Le procureur spécial près la Cour de répression des infractions économiques et du terrorisme (CRIET), Mario Mètonou, a livré ce vendredi des précisions troublantes sur l’affaire dite du « récépissé provisoire du Parti Le Libéral », formation politique dirigée par Richard Boni Ouorou.
*Des versements en plusieurs tranches*
Au cœur de ce dossier, des allégations de corruption impliquant des fonctionnaires du Ministère de l’Intérieur et de la Sécurité Publique. Selon les éléments révélés par le procureur, une somme de 12 millions de francs CFA aurait été initialement proposée pour faciliter l’obtention du récépissé provisoire du parti « Le Libéral ».

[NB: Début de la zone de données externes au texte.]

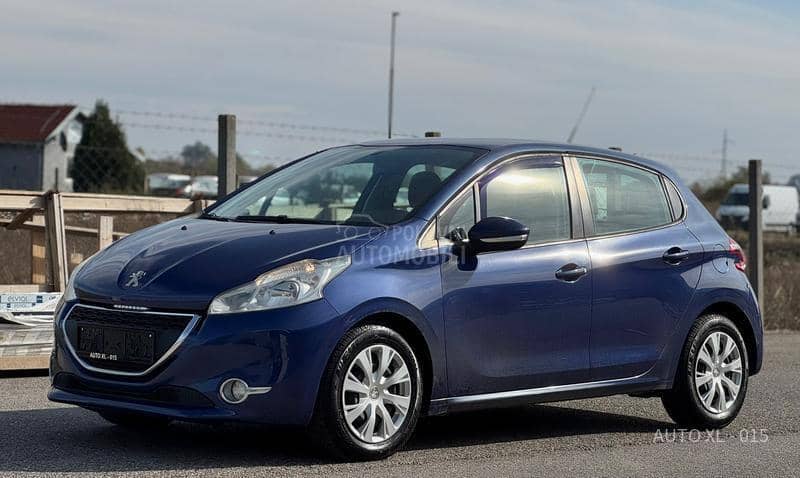 Peugeot 208 1.6 E-HDI // N.O.V
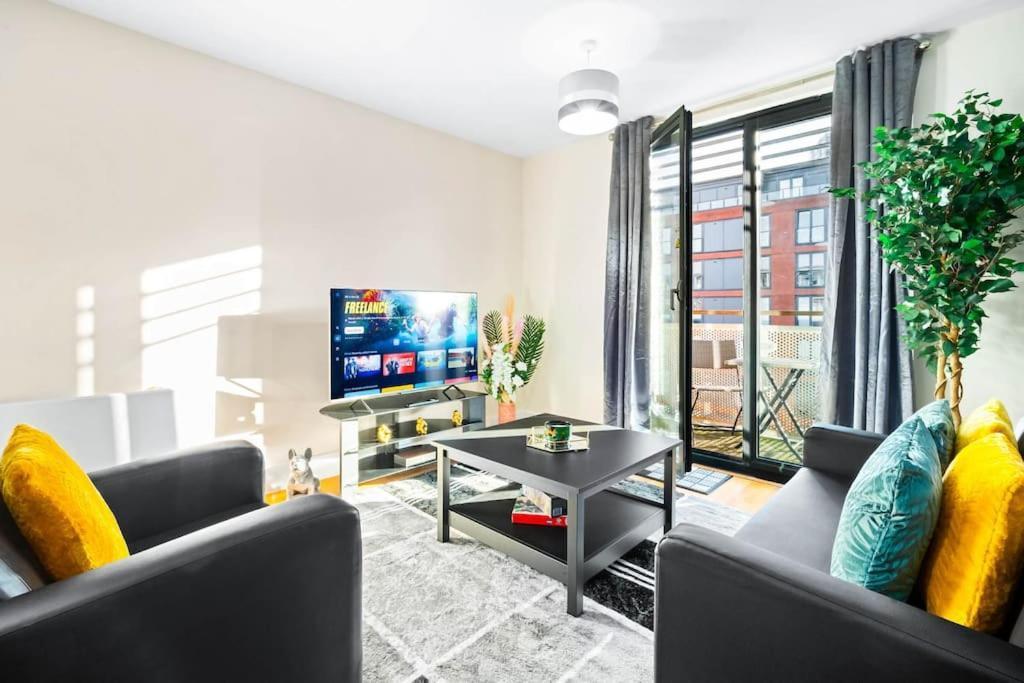 Modern Arcadian Centre Apartment By Azura Nights Бирмингем Экстерьер фото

Le Directeur des Partis Politiques et des Affaires Électorales (DPPAE), interpellé dans le cadre de l’enquête, reconnaît avoir reçu 5 millions de francs CFA, somme retrouvée à son domicile lors d’une perquisition. Il affirme avoir refusé les 7 millions restants.
Toutefois, le président du parti, Richard Boni Ouorou, affirme avoir versé 7 millions de francs CFA, en trois tranches : 1 million de FCFA avant le congrès du parti le 5 avril 2025, puis 2 versements de 3 millions de FCFA les 26 et 28 avril.
*Une procédure entachée de soupçons*
Ces révélations jettent une ombre sur le processus de reconnaissance officielle des partis politiques au Bénin. D’après le procureur, les versements auraient été effectués en contrepartie de l’intervention des agents impliqués pour faciliter l’aboutissement du dossier administratif du parti.
Le parquet spécial estime que les faits établis constituent des actes de corruption d’agents publics, délit prévu et réprimé par les articles 335 et suivants du code pénal béninois. La peine encourue est lourde : de 5 à 10 ans de réclusion criminelle, assortie d’amendes et de confiscations.
*Un message fort du parquet*
Dans son adresse à la presse, Mario Mètonou a tenu à rappeler que ni la sollicitation répétée d’un agent public, ni les pressions exercées ne sauraient justifier un acte de corruption : « Céder aux sollicitations d’un agent public et lui faire des dons vous rend coupable de corruption au même titre que lui. » Il a également invité la population à dénoncer de tels actes lorsqu’elle en est témoin ou victime, réaffirmant la détermination de la CRIET à lutter sans relâche contre la corruption sous toutes ses formes.
*Des arrestations déjà effectuées*
Dans le cadre de l’enquête, plusieurs agents publics ont été interpellés, dont le Directeur des Partis Politiques et un cadre de la Direction des Affaires Intérieures et des Cultes. Richard Boni Ouorou a quant à lui été arrêté le jeudi 15 mai 2025 au soir.
L’affaire suit son cours, et les enquêtes se poursuivent pour établir toutes les responsabilités. Elle relance en tout cas le débat sur la transparence dans la gestion administrative et politique au Bénin, à un moment où la réforme du système partisan continue de susciter critiques et remous.